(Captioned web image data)
------------------------------------------------------------------------
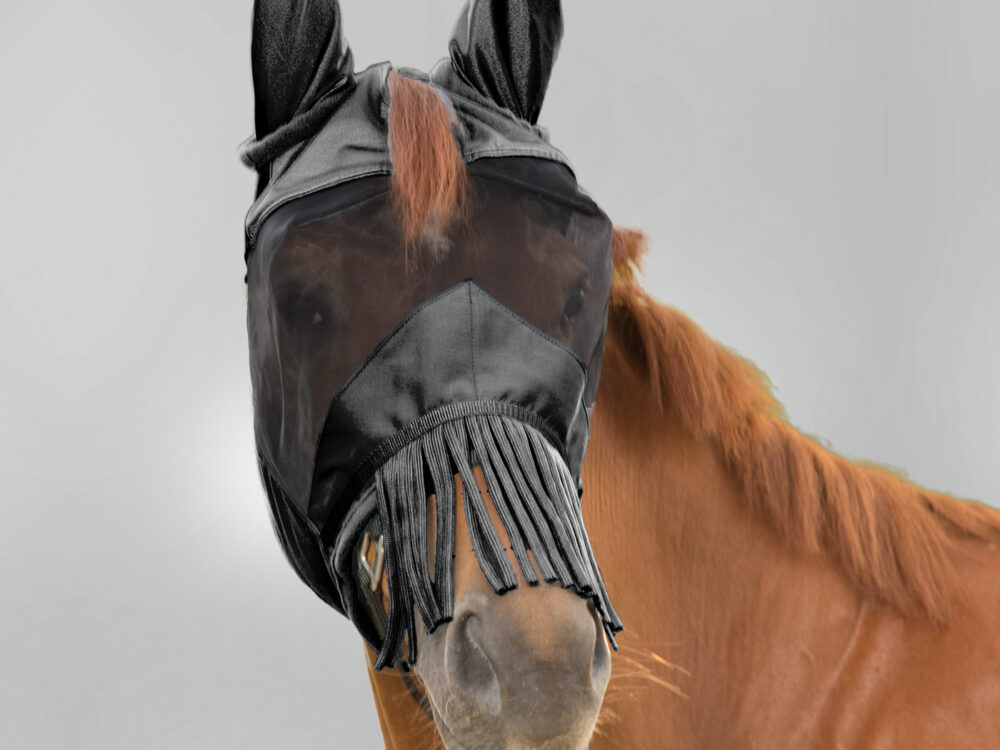 Waldhausen vliegemasker with ears and fringes on nose, black, Pony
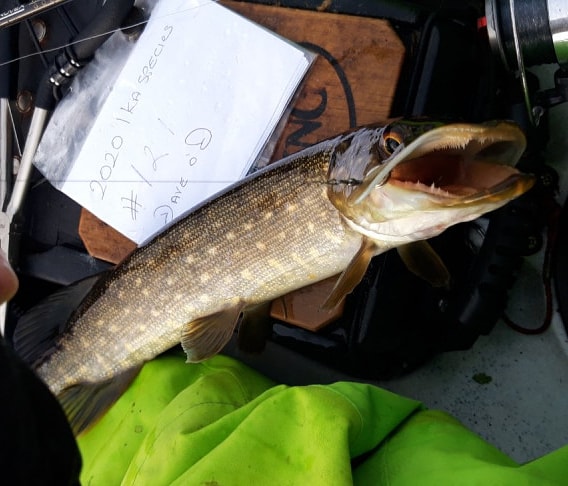 Irish Kayak Angling tweet media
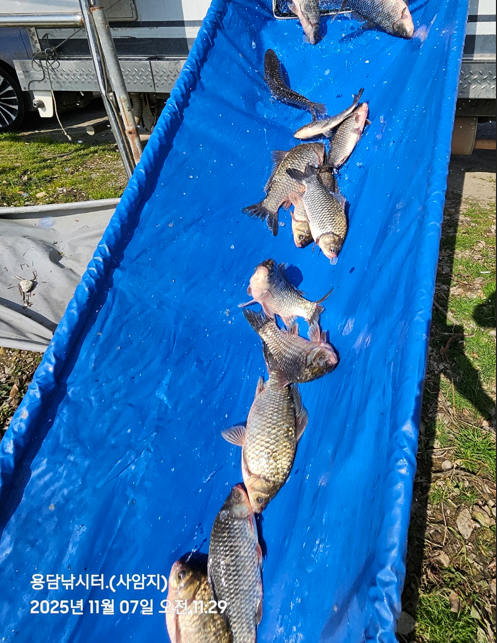 화면 캡처 2025-11-07 142406.png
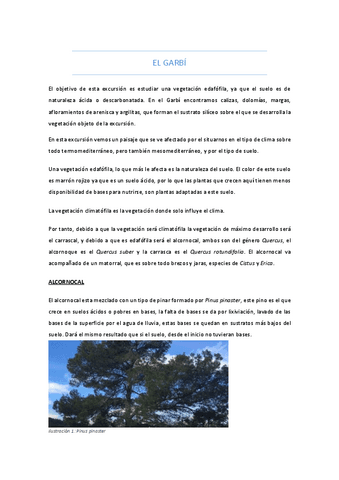 EL-GARBI-JAVALAMBRE.pdf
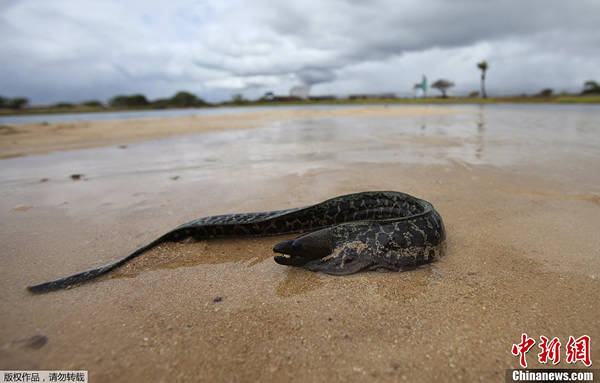 ���������Ļ����ǽ�й©���ܱ�Ұ����������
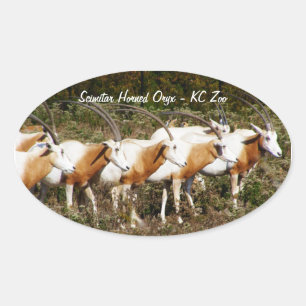 Scimitar Horned Oryxes stickers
------------------------------------------------------------------------
■ EXERCISE BRIEF
Only the lines starting at the one that holds "EL-GARBI-JAVALAMBRE.pdf" and ending at the last line of the data belong in your answer. Please set them down exactly and omit the pictures.

■ PROBLEM SOLUTION
 EL-GARBI-JAVALAMBRE.pdf
 ���������Ļ����ǽ�й©���ܱ�Ұ����������
 Scimitar Horned Oryxes stickers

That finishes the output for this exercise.